Наконец я услышал, что она повернулась и пошла к двери. Я подошел было к столу, но, посмотрев на дверь, увидел подсматривающий за мной в щель глаз и крепко прихлопнул дверь.

   Пробравшись со всеми предосторожностями в беседку, я, прежде всего, решил распределить часы. Достал лист бумаги и написал расписание дня.

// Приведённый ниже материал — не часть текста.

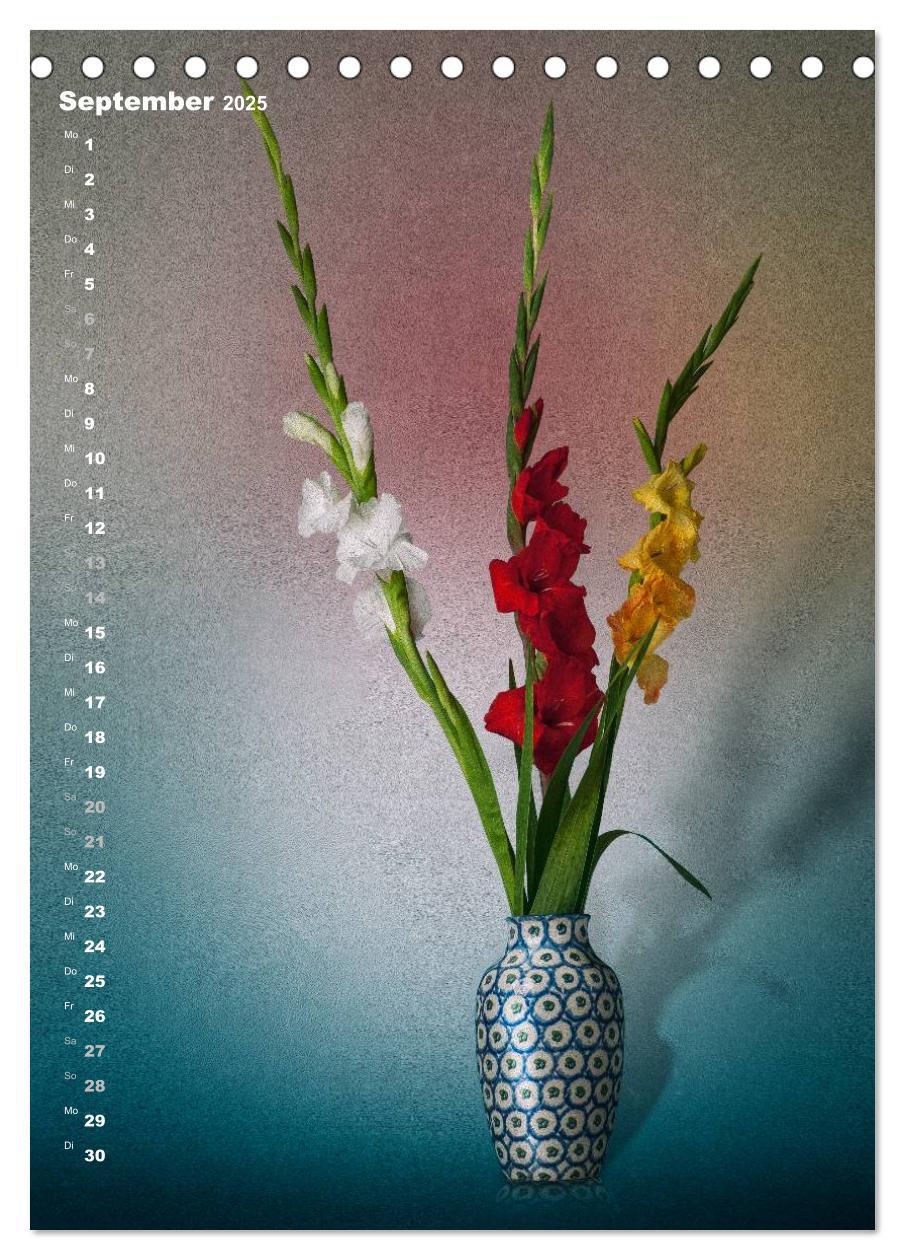 Bild: 9783457048610 | Blumenschmuck in Bunzlau Keramik (Tischkalender 2025 DIN A5 hoch),...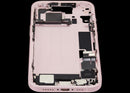 Reparación de carcasa central con puerto de carga flex y piezas pequeñas para iPhone 15 en Guatemala.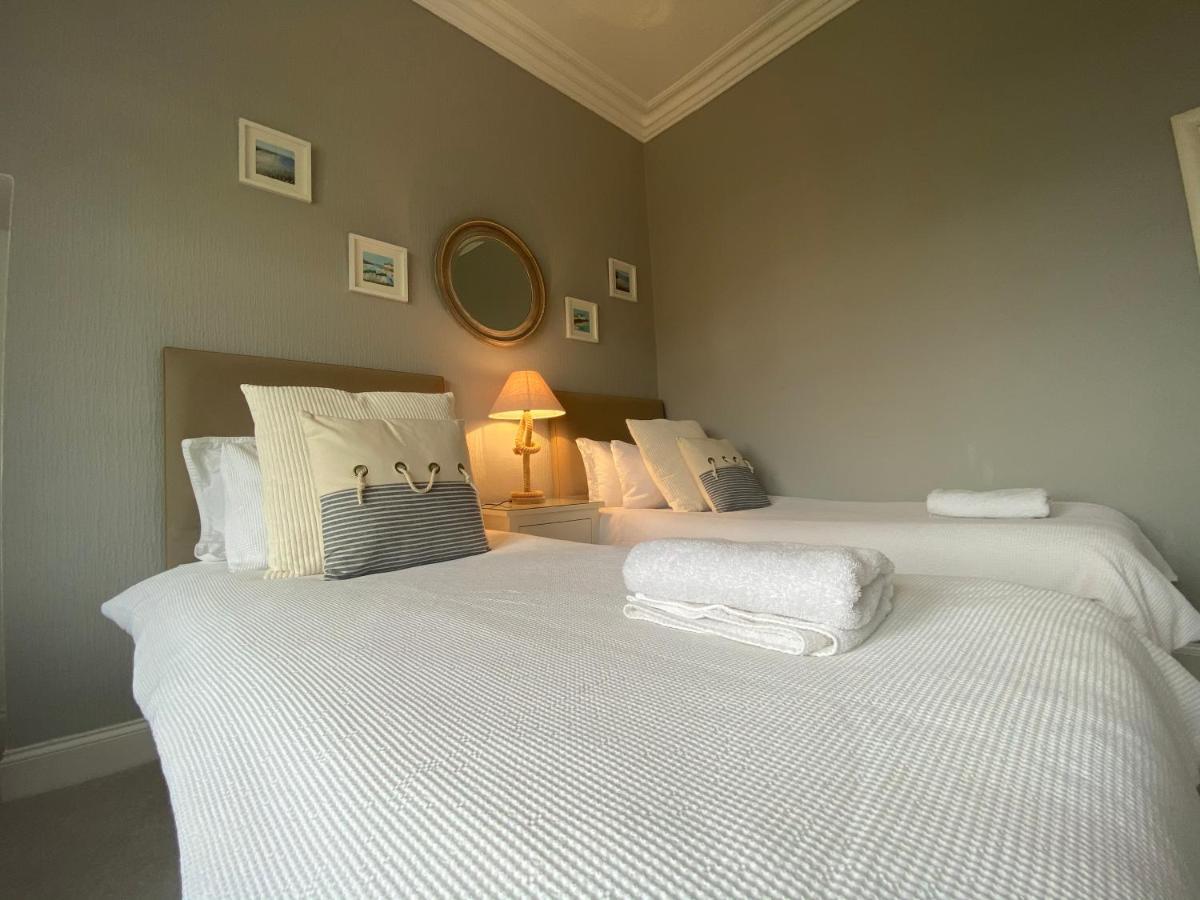 The Old Rectory Bed & Breakfast Largs Ngoại thất bức ảnh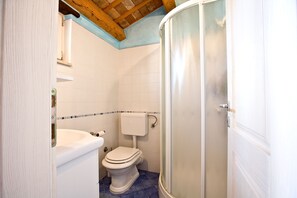 Ein Badezimmer mit Toilette, Waschbecken und Dusche.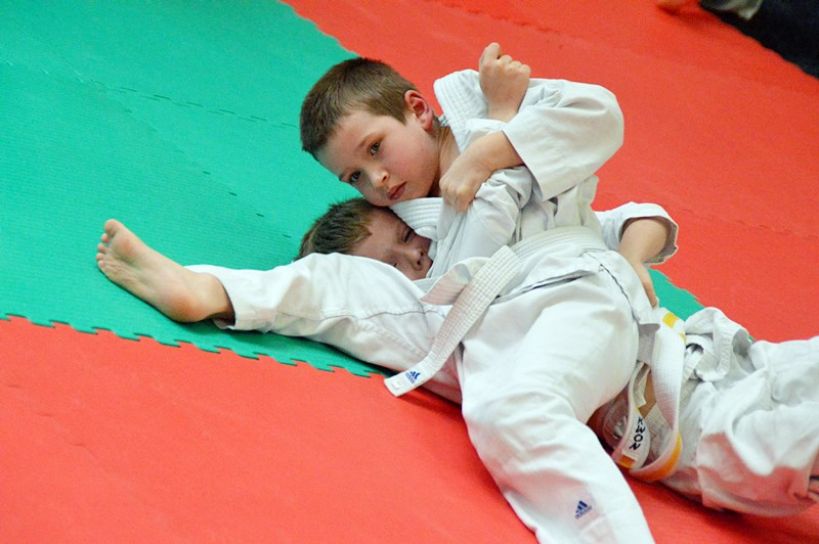 Tuliszków: VI Otwarte Mistrzostwa Judo Dzieci i Młodzików. Ponad 400 zawodników walczy o medale - foto: Arkadiusz Wszędybył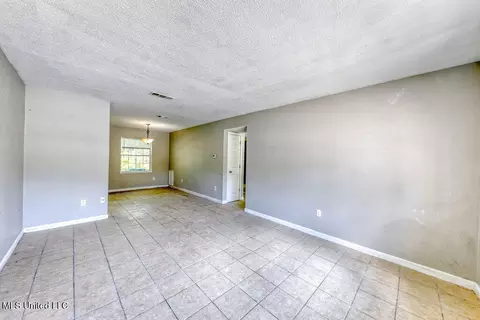 4513 General Mcarthur St, Moss Point, MS 39563 photo 12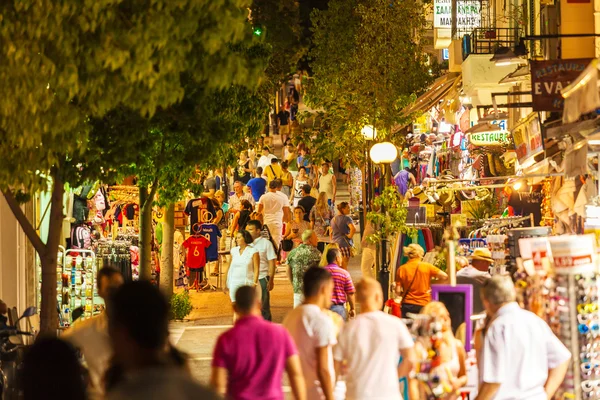 AGIOS NIKOLAOS, GRECIA - 28 DE JULIO DE 2012: Turistas caminando por —  Fotos de Stock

   В расписание вошло: сидеть на бревнах, учить уроки, читать книги, работать по уборке комнаты. Потом пришлось все-таки написать еще одно: д_у_м_а_т_ь. Но здесь был уже явный пробел: я хотел, чтобы в расписание входили все мои поступки, а между тем я чувствовал, что здесь можно поместить только одно благообразное, в то время как в действительности оставалось еще много приятного, что резало бы глаз в расписании, но в то же время фактически пропущено быть не могло. Без этого -- жизнь не в жизнь.

   Написать в расписании -- курить, охотиться за лягушками, лазить за яблоками в чужой сад,-- было невозможно, а между тем в действительности было и это все.

   Приходилось даже для самого себя разделить жизнь на показную и скрытую.

   "Как в этом отношении устраивается Ваня? -- подумал я.-- Может быть, в самом деле отказаться от лягушек?" Но мне пришло в голову для этого завести другую, тайную тетрадочку, куда и вписывать все до последней мелочи из области запретного и греховного, а расписание я устроил на самом видном месте. Правда, линейки были довольно кривы, строчки тоже лезли куда-то вверх, то в конце загибались маленькими буковками вниз, но в общем было -- ничего. Я даже отступил шага на два и, наклонив набок голову, полюбовался своей работой.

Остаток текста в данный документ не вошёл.